[DATA SHOWN Boundary: Start]

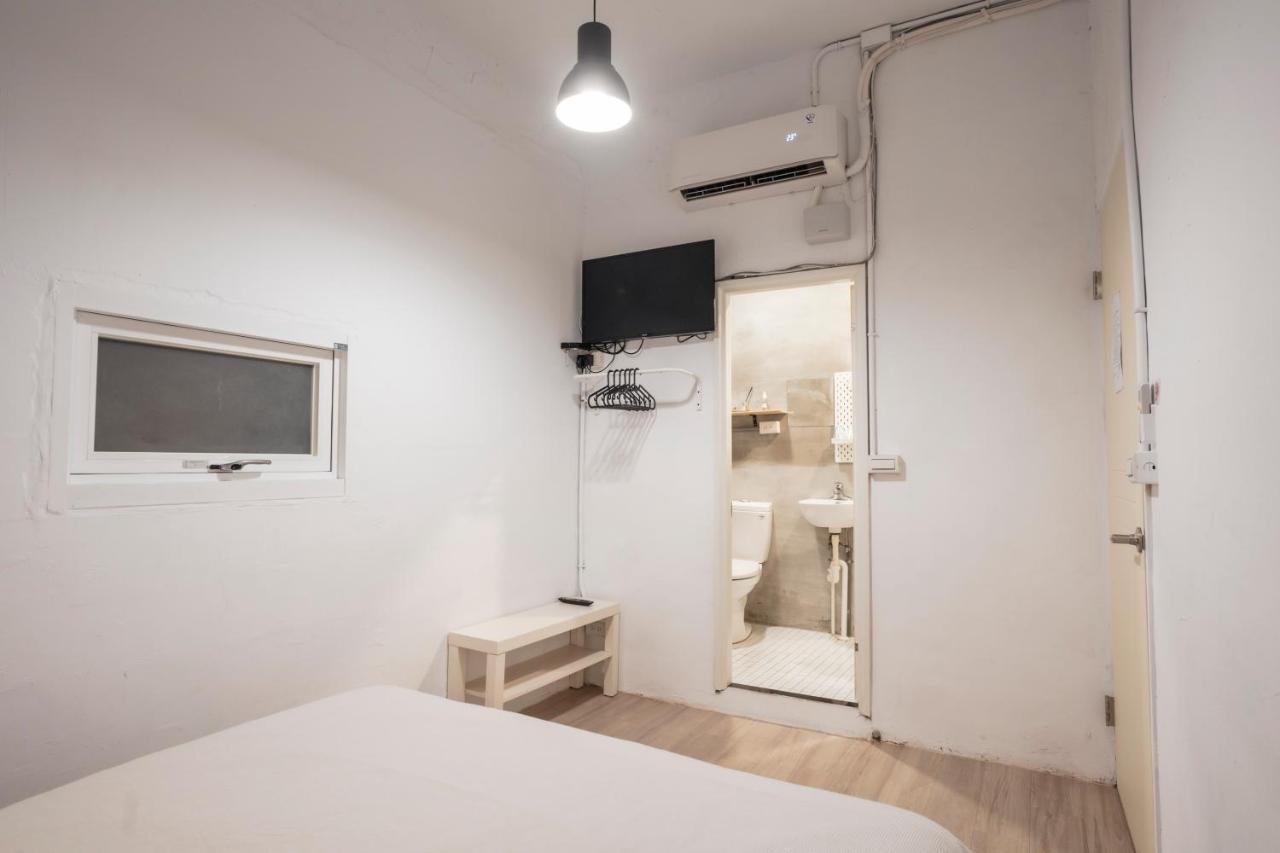 Ruifang Yi Hostel New Taipei City Zewnętrze zdjęcie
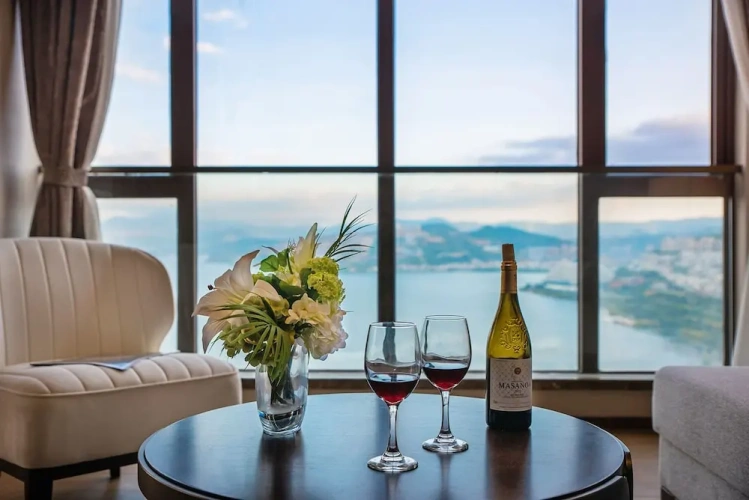 Executive Quadruple Suite with lake view
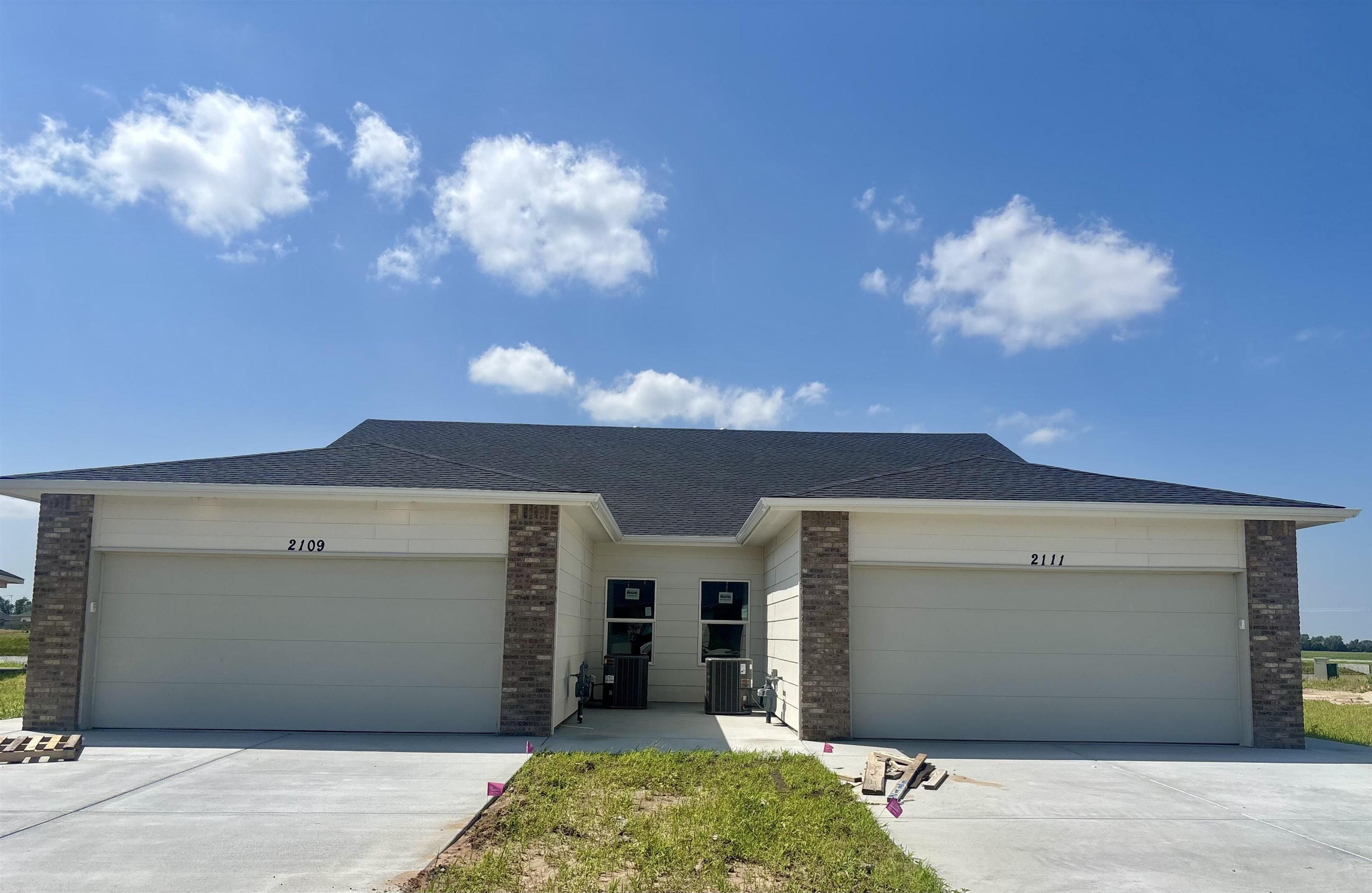 2109-2111 N Melody Ln Property Photo 1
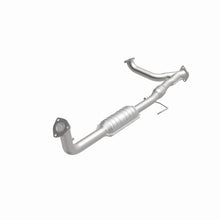 Load image into Gallery viewer, MagnaFlow Direct Fit Catalytic Converter 96-97 3.2L Passport D/S A/T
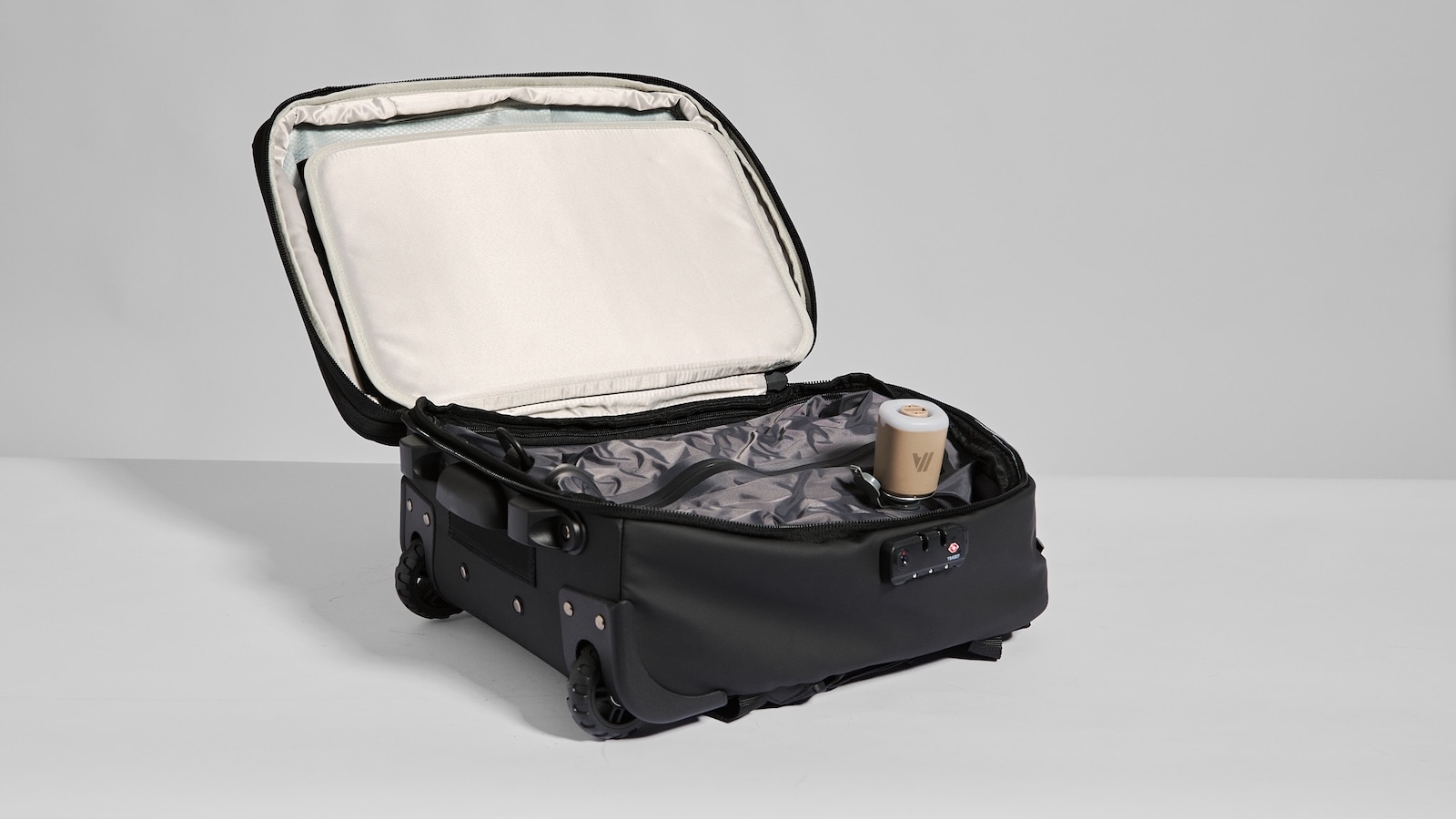 Airback Flex Ultimate: Chiếc balo cho ông nào cần thoải mái, tiện dụng 4 Airback Flex Ultimate: Chiếc balo sinh ra cho những chuyến bay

[DATA SHOWN Boundary: End]

Do not include the pictures. Quote only the lines from the line with "2109-2111 N Melody Ln Property Photo 1" through the end of the material, both ends included, exactly.

## ANSWER SECTION
 2109-2111 N Melody Ln Property Photo 1
 Load image into Gallery viewer, MagnaFlow Direct Fit Catalytic Converter 96-97 3.2L Passport D/S A/T
 Airback Flex Ultimate: Chiếc balo cho ông nào cần thoải mái, tiện dụng 4 Airback Flex Ultimate: Chiếc balo sinh ra cho những chuyến bay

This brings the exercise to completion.